* **DATA SUPPLIED**
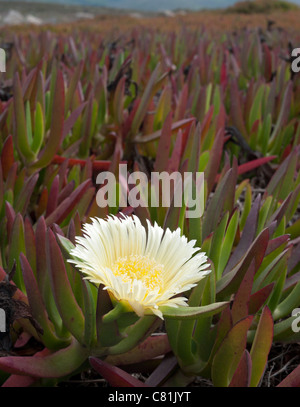 Eine Abb. Hottentotten (Khoi Edulis) Blume am Cabo da Roca in Portugal. Die Pflanze ist eine invasiven Arten aus Südafrika. Stockfoto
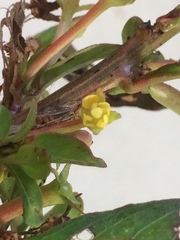 Ludwigia abyssinica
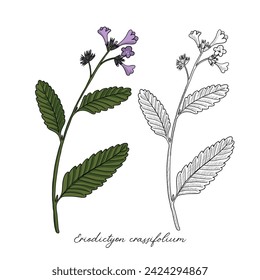 vector drawing thickleaf yerba santa flower, Eriodictyon crassifolium , hand drawn illustration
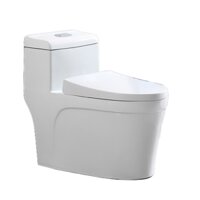 Bồn cầu 1 khối, bệt vệ sinh F-038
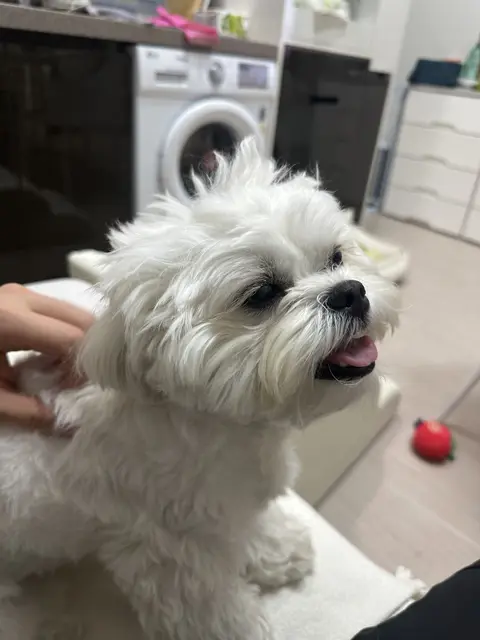 찹쌀이가 밝은 눈으로 장난감을 바라보며 신나게 놀고 있네요.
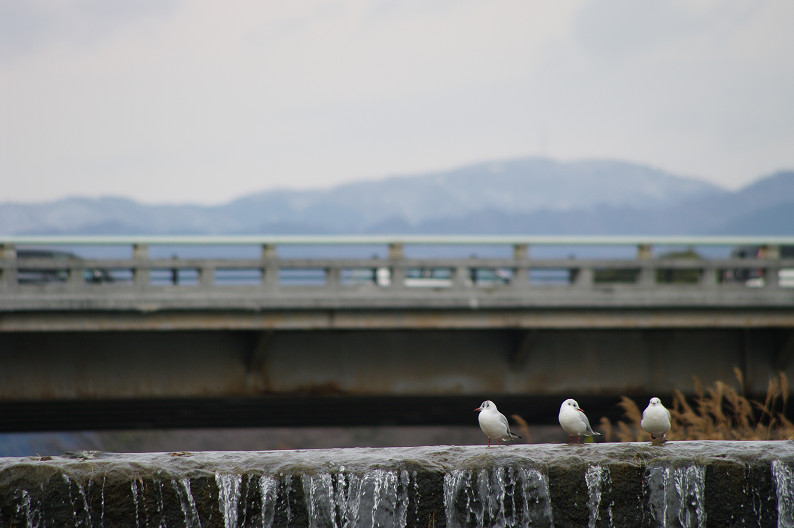 賀茂川　バードスナップ．．．_f0152550_18393038.jpg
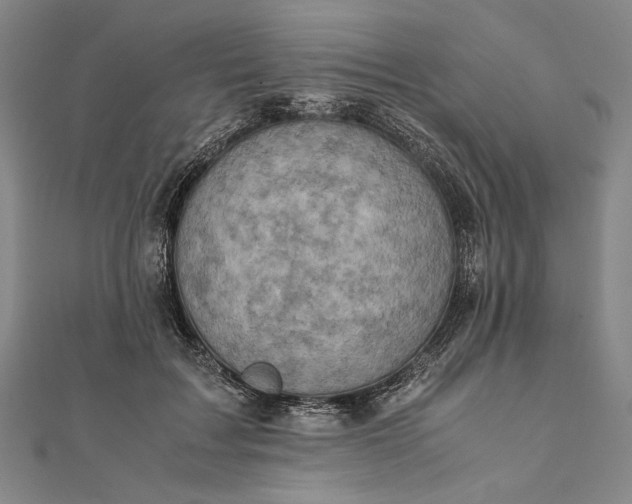 X0000111780603200908061116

* **EXERCISE**
Take the line with "Bồn cầu 1 khối, bệt vệ sinh F-038" and each line after it through the end of the material above, and reproduce them exactly, both ends included, without pictures.

* **YOUR SOLUTION**
 Bồn cầu 1 khối, bệt vệ sinh F-038
 찹쌀이가 밝은 눈으로 장난감을 바라보며 신나게 놀고 있네요.
 賀茂川　バードスナップ．．．_f0152550_18393038.jpg
 X0000111780603200908061116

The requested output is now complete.